### What is being asked:
Return each line of the records below that contains the word "called".

### Source material:

┏━━

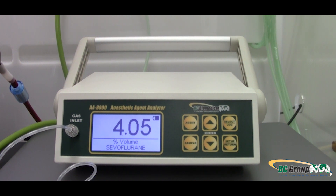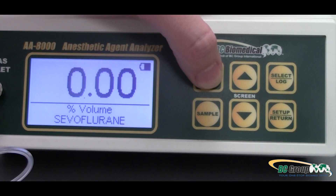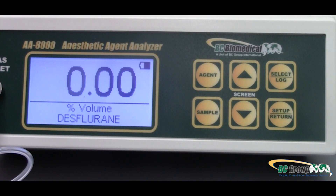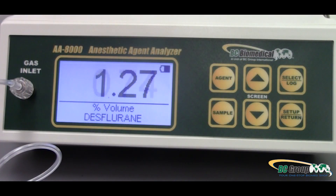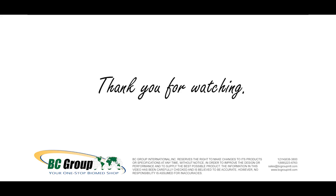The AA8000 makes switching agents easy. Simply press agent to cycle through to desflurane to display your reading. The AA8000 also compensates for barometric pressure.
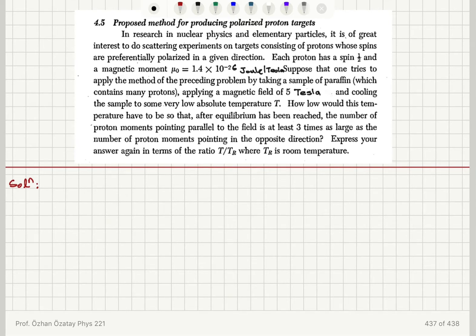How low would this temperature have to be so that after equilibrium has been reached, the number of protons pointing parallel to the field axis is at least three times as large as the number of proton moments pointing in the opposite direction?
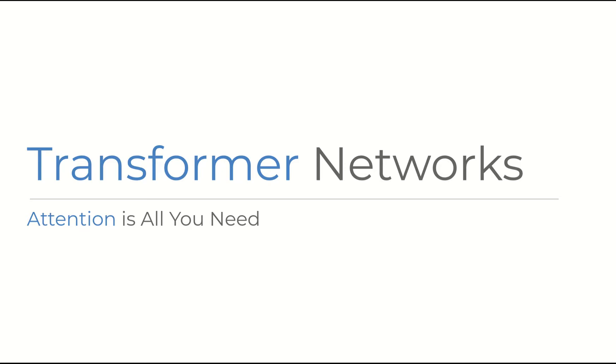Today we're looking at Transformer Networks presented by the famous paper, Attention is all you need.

┗━━
┏━━

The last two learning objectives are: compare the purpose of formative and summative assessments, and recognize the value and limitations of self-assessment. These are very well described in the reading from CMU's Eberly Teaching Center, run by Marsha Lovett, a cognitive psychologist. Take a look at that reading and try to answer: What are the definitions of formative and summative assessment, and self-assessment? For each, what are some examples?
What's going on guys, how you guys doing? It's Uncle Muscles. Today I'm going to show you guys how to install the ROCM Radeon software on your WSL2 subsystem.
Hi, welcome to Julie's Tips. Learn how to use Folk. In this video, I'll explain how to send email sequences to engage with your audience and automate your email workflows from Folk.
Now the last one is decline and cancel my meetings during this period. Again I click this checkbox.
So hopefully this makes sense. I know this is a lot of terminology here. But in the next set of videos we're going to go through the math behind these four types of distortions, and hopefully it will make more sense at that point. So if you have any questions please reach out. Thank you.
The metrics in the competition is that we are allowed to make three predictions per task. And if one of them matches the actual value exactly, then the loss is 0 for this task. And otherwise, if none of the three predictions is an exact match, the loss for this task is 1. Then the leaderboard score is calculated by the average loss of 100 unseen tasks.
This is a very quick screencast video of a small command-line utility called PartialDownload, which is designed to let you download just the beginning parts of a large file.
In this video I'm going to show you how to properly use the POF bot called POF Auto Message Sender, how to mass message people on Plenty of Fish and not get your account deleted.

┗━━

### Exercise response:
This is a very quick screencast video of a small command-line utility called PartialDownload, which is designed to let you download just the beginning parts of a large file.
In this video I'm going to show you how to properly use the POF bot called POF Auto Message Sender, how to mass message people on Plenty of Fish and not get your account deleted.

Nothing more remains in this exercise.